Appendix 2CAP/IASLC/AMP Molecular Testing Guideline for Selection of Patients with Lung Cancer for Treatment with EGFR and ALK Tyrosine Kinase Inhibitors

Summary of Recommendations

Section I. When Should Molecular Testing of Lung Cancers Be Performed?

Question 1. Which Patients Should Be Tested for EGFR Mutations and ALK Rearrangements? 1.1a: Recommendation: EGFR molecular testing should be used to select patients for EgFR targeted tyrosine kinase inhibitor therapy, and patients with lung adenocarcinoma should not be excluded from testing on the basis of clinical characteristics. 1.1b: Recommendation: ALK molecular testing should be used to select patients for ALK targeted tyrosine kinase inhibitor therapy, and patients with lung adenocarcinoma should not be excluded from testing on the basis of clinical characteristics. 1.2: Recommendation: In the setting of lung cancer resection specimens, EGFR and ALK testing is recommended for adenocarcinomas and mixed lung cancers with an adenocarcinoma component, regardless of histologic grade. In the setting of fully excised lung cancer specimens, EGFR and ALK testing is not recommended in lung cancers that lack any adenocarcinoma component, such as “pure” squamous cell carcinomas, “pure” small cell carcinomas, or large cell carcinomas lacking any immunohistochemistry (IHC) evidence of adenocarcinoma differentiation. 1.3: Recommendation: In the setting of more limited lung cancer specimens (biopsies, cytology) where an adenocarcinoma component cannot be completely excluded, EGFR and ALK testing may be performed in cases showing squamous or small cell histology but clinical criteria (eg, young age, lack of smoking history) may be useful in selecting a subset of these samples for testing. 1.4: Recommendation: To determine EGFR and ALK status for initial treatment selection, primary tumors or metastatic lesions are equally suitable for testing. 1.5: Expert consensus opinion: For patients with multiple, apparently separate, primary lung adenocarcinomas, each tumor may be tested but testing of multiple different areas within a single tumor is not necessary.

Question 2. When Should a Patient Specimen Be Tested for EGFR Mutation or ALK Rearrangement? 2.1a: Recommendation: EGFR mutation testing should be ordered at the time of diagnosis for patients presenting with advanced-stage disease (stage IV according to the 7th edition TNM staging system) who are suitable for therapy or at time of recurrence or progression in patients who originally presented with lower-stage disease but were not previously tested. 2.1b: Suggestion: ALK rearrangement testing should be ordered at the time of diagnosis for patients presenting with advanced-stage disease (stage IV according to the 7th edition TNM staging system) who are suitable for therapy or at time of recurrence or progression in patients who originally presented with lower-stage disease but were not previously tested. 2.2a: Expert consensus opinion: EGFR testing of tumors at diagnosis from patients presenting with stage I, II, or III disease is encouraged but the decision to do so should be made locally by each laboratory, in collaboration with its oncology team. 2.2b: Expert consensus opinion: ALK testing of tumors at diagnosis from patients presenting with stage I, II, or III disease is encouraged, but the decision to do so should be made locally by each laboratory, in collaboration with its oncology team. 2.3: Recommendation: Tissue should be prioritized for EGFR and ALK testing.

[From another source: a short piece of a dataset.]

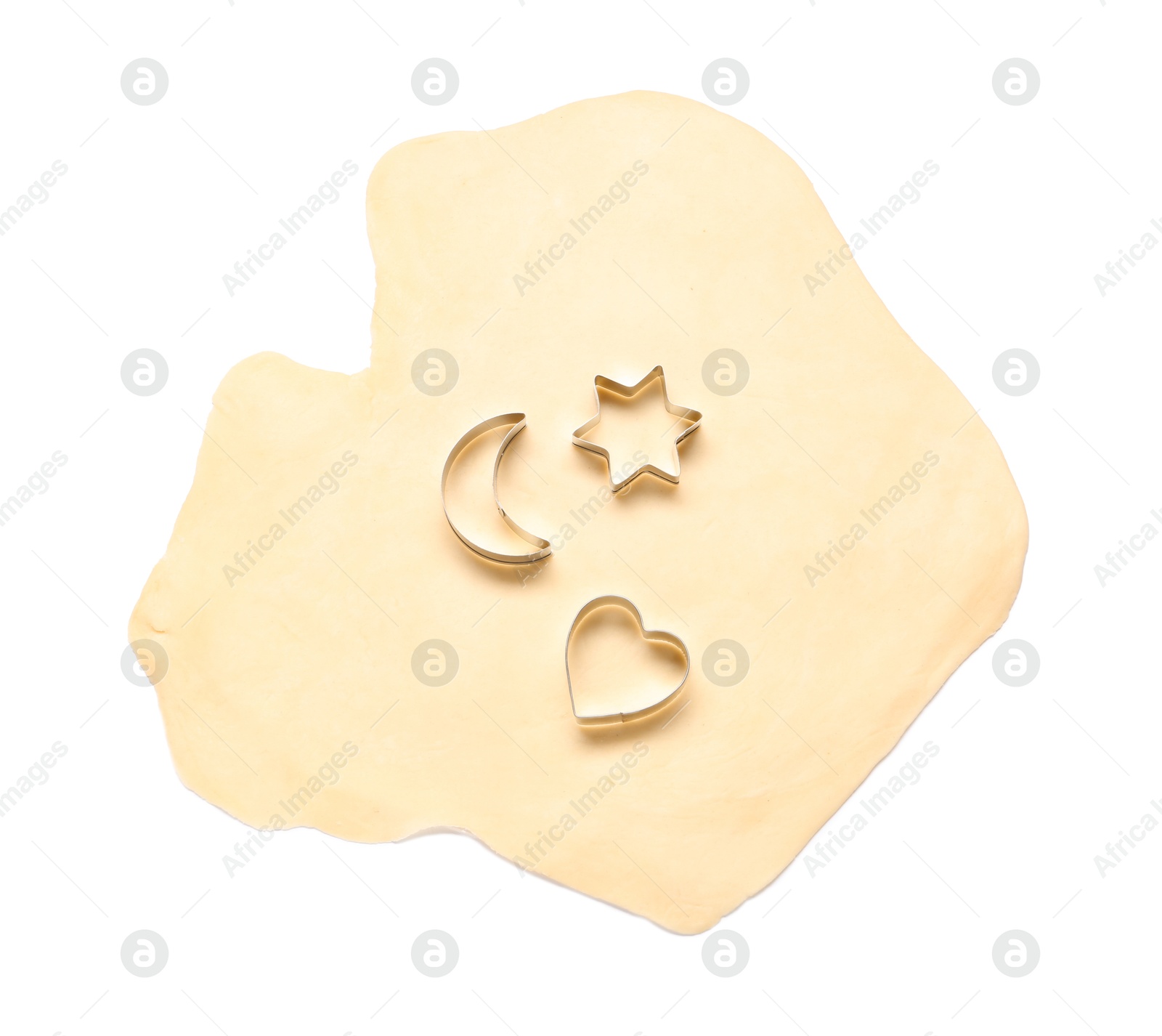 Photo of Raw dough and cookie cutters isolated on white, top view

Question 3. How Rapidly Should Test Results Be Available? 3.1: Expert consensus opinion: EGFR and ALK results should be available within 2 weeks (10 working days) of receiving the specimen in the testing laboratory.

77AppENdIx 2

3.2: Expert consensus opinion: Laboratories with average turnaround times beyond 2 weeks need to make available a more rapid test—either in-house or through a reference laboratory—in instances of clinical urgency. 3.3: Expert consensus opinion: Laboratory departments should establish processes to ensure that specimens that have a final histopathologic diagnosis are sent to outside molecular pathology laboratories within 3 working days of receiving requests and to intramural molecular pathology laboratories within 24 hours.

Section II. How Should EGFR Testing Be Performed?

Question 4. How Should Specimens Be Processed for EGFR Mutation Testing? 4.1: Expert consensus opinion: Pathologists should use formalin-fixed, paraffin-embedded (FFPE) specimens or fresh, frozen, or alcohol-fixed specimens for PCR-based EGFR mutation tests. Other tissue treatments (eg, acidic or heavy metal fixatives, or decalcifying solutions) should be avoided in specimens destined for EGFR testing. 4.2: Expert consensus opinion: Cytologic samples are also suitable for EGFR and ALK testing, with cell blocks being preferred over smear preparations.

Question 5. What Are the Specimen Requirements for EGFR Testing? 5.1: Expert consensus opinion: Pathologists should determine the adequacy of specimens for EGFR testing by assessing cancer cell content and DNA quantity and quality. 5.2: Expert consensus opinion: Each laboratory should establish the minimum proportion and number of cancer cells needed for mutation detection during validation. 5.3: Expert consensus opinion: A pathologist should assess the tumor content of each specimen and either perform, or guide a trained technologist to perform, microdissection for tumor cell enrichment as needed.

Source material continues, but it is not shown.